I come from a small town myself and am very familiar with the rigid frame of society described by Donna Gaines in her book. School officials who challenge kids to either follow the rules or get dropped, social engineering in order to facilitates thin and not solve problems. Gaines said very insightfully that dead end kids have "nothing to do and nowhere to exist" since they live in a home that buys into a system they reject and I can relate to that 1000% A lot of critics of this book claim that it wasn't like that in Bergenfield, but it's not every kid's drama that becomes town-wide news. Many of these occurrences are kept under wraps because it doesn't look good.
Of course, everything changed with the internet and the customization of everything for everybody. People celebrate difference because you can't hide it anymore. But Teenage Wasteland explained in a great way how youthful anger was turned into a culture that spawned a music that became only more and more extreme over time. The kids that didn't kill themselves or just faded away into drone-like normalcy found their outlet there.
Learned about this book while reading the Nirvana book from 94. A nuanced look at teen life in the late 80s that resonates so much in modern day. Social media and smart phones has exacerbated teen anxiety by 1000% but the other underlying issues laid out here is just as important- 'teens being miserable' is timeless!
I'm about in the middle of this book (which I have to read for a sociology class) and I really don't like it. It sounds like the author never got past her own teenage issues and is basically now writing them into a book.
Here's a passage from page 135: "Kids are silent because they fear getting sent to "retard" school (stigma worse than death)."
Um, seriously? Worse than DEATH? I think that's a bit of an exaggeration...
This book resonated with me on many levels. I recommend it to anyone who wants to try to understand teen culture or wants to put words to their experiences during the teen years. Even though this book is about teen in surburban NJ during the 1980's, what the author says can be carried over to this day and age, and to different settings. The author is extremely insightful, completely believable, and understands teen culture thoroughly.

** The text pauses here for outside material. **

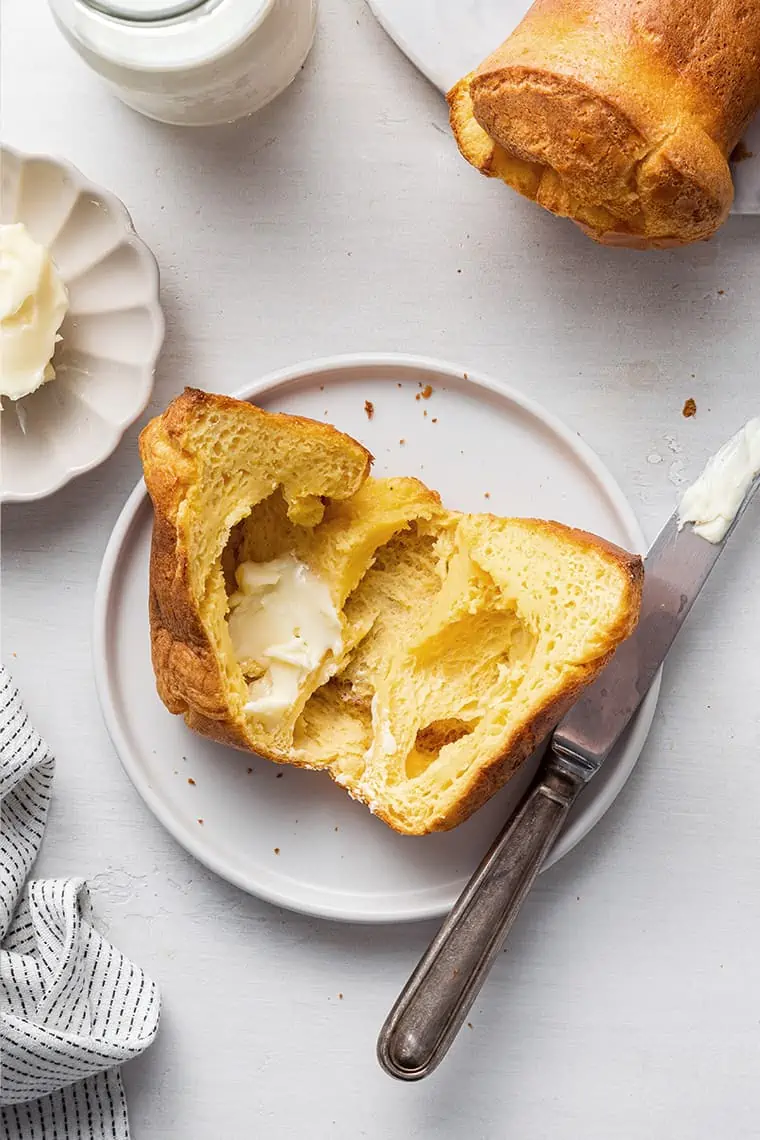 A gluten-free popover cut open, with a knob of butter on it, on a plate with a dirty butter knife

Not only is the book poorly written, but entirely inaccurate, giving insight only to a small sub-section of Bergenfield. As someone who grew up in the town and lived there for the majority of my life, I can safely say that this woman's conclusions are entirely off the mark. All this book did was piss me off and give a distorted view of Bergenfield. It comes across as bad journalism. Don't waste your time with this tripe.
A book that discusses teen alientation and anomie. Gaines has a lot of empathy for misunderstood teens. Her investigation of a teen suicide pact is interesting. Areas of her analysis could have been stronger. Sadly, it seems like teen alientation has not changed much since her research in the 1980s. She provides some interesting evidence for the "does music cause suicide?" debate.
I was very surprised how close Gaines became to her objects. She didnt achieve total insider status due to age, but it was interesting to see how, anthropologically, she did really insert herself into that subculture and give us a nice picture of it.
A classic in pop-sociology, but the author's attempts to establish street-cred with her subjects -- and us -- is distracting and undermining. Worth reading, though, for the field work she does do.
An important but somewhat disturbing book. Favorite quote: "When I held you in my arms at your baptism, I wanted it to be a fresh start, for you to be more complete than we had ever been ourselves."
This book was wonderful, captivating. Many of the sociological themes noted in this book can still be observed in modern society, in various regions. I highly recommend it.